We also got some really good performances from the Millicent Simmons and Noah Jupe who played the two kids. The cast for this movie is really small, so these two had to deliver and they did. The typical gender roles are inverted too, with Simmons taking on a big brother type role as the family’s oldest girl. Jupe played scared pretty well, but his character wasn’t as flushed out was generally less important to the plot than his sister. She has a really big screen presence and a strong personality that was dominant at times, maybe due to her unique look, but her character was the heart and soul. She was very emotional, carrying a lot of bag for a young girl, but it gave her much more depth and richness as a member of this family. I expect that both of these young actors will get a bunch of offers after navigating such a tricky world.

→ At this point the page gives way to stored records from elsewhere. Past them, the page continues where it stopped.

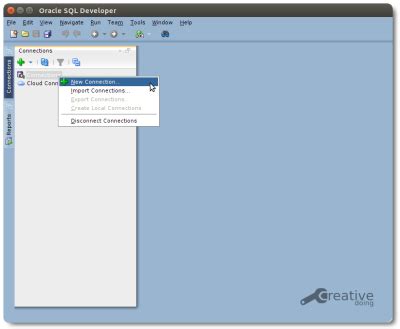 Image result for SQL Developer Connection String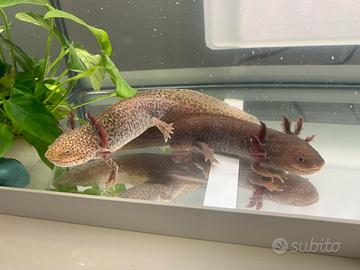 Axolotl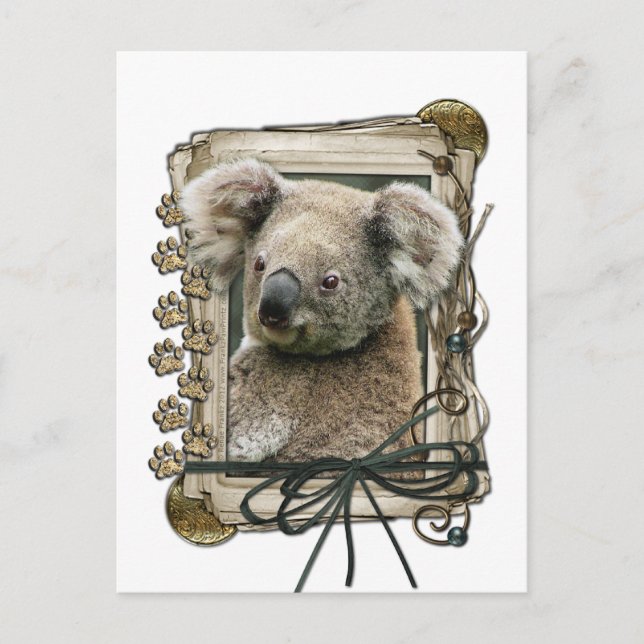 Fathers Day - Stone Paws - Koala Postcard (Front)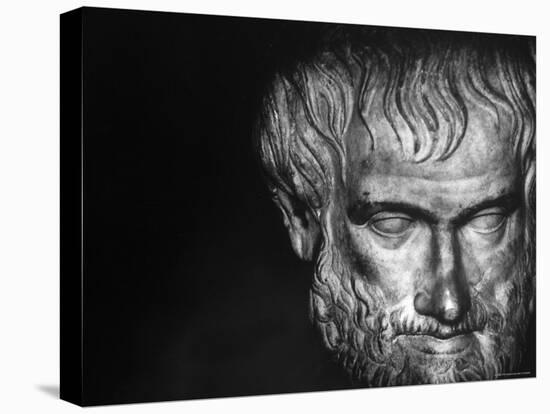 Head of Aristotle-Gjon Mili-Stretched Canvas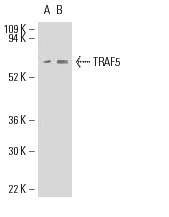 TRAF5 (H-257): sc-7220. Western blot analysis of TRAF5 expression in Jurkat (A) and CCRF-HSB-2 (B) whole cell lysates.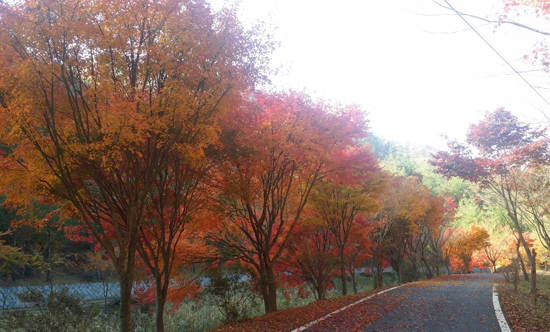 한천자연휴양림 진입로 전경. ⓒ 화순군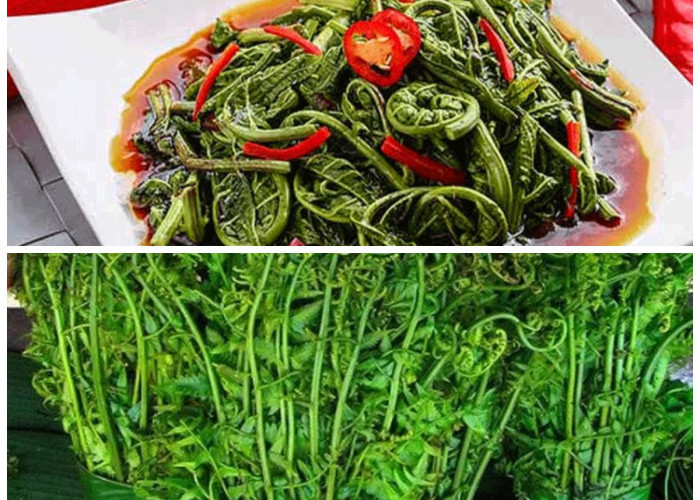 Tak Hanya Lezat, Ini Ragam Manfaat Daun Pakis bagi Kesehatan Tubuh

Jeffrey Beercroft’s production design and Heather Loeffler’s set design breathed a lot of life and character into this project. It’s only an hour and a half, so conveying a fair amount of information about the plot was important. Thanks to these two, we learn a lot about the current state of the world and the lives of the characters we are watching. It was a very stripped down, simple life in the face of a world that has collapsed at the hands of these creatures. Bringing all those elements to life on screen was Charlotte Bruus Christensen. She had worked with Blunt before on Girl on the Train and recently done the cinematography for Academy Award nominated films Fences and Molly’s Game. Christensen showed off a good eye with some fantastic wide, establishing shots of the landscape which crafted a lot of silent backstory. She still utilized really good close-ups that captured critical moments in the script.
When I first saw the trailers for this film, the concept and the cast is what sold me. I had faith. However, I’ve been disappointed repeatedly by contemporary horror cinema so I wasn’t getting my hopes up. As a complete work, this is one of the better films so far this year. I’ve seen it twice and really enjoyed it both times. While it may fall within the horror genre based on a couple of elements, the psychological and emotional strengths of the film are definitely what gets it across. That is what has resonated with audiences, not the monsters. Every now and then, people deserve to have their faith rewarded.
Recommendation: If you weren’t among the first wave of people who saw this movie on opening weekend, go check it out. Word of mouth has probably reached you by now. For a horror movie, it’s not incredibly violent or graphic, but it’s still heavy. Maybe not the first choice for a family outing, but not entirely off the table.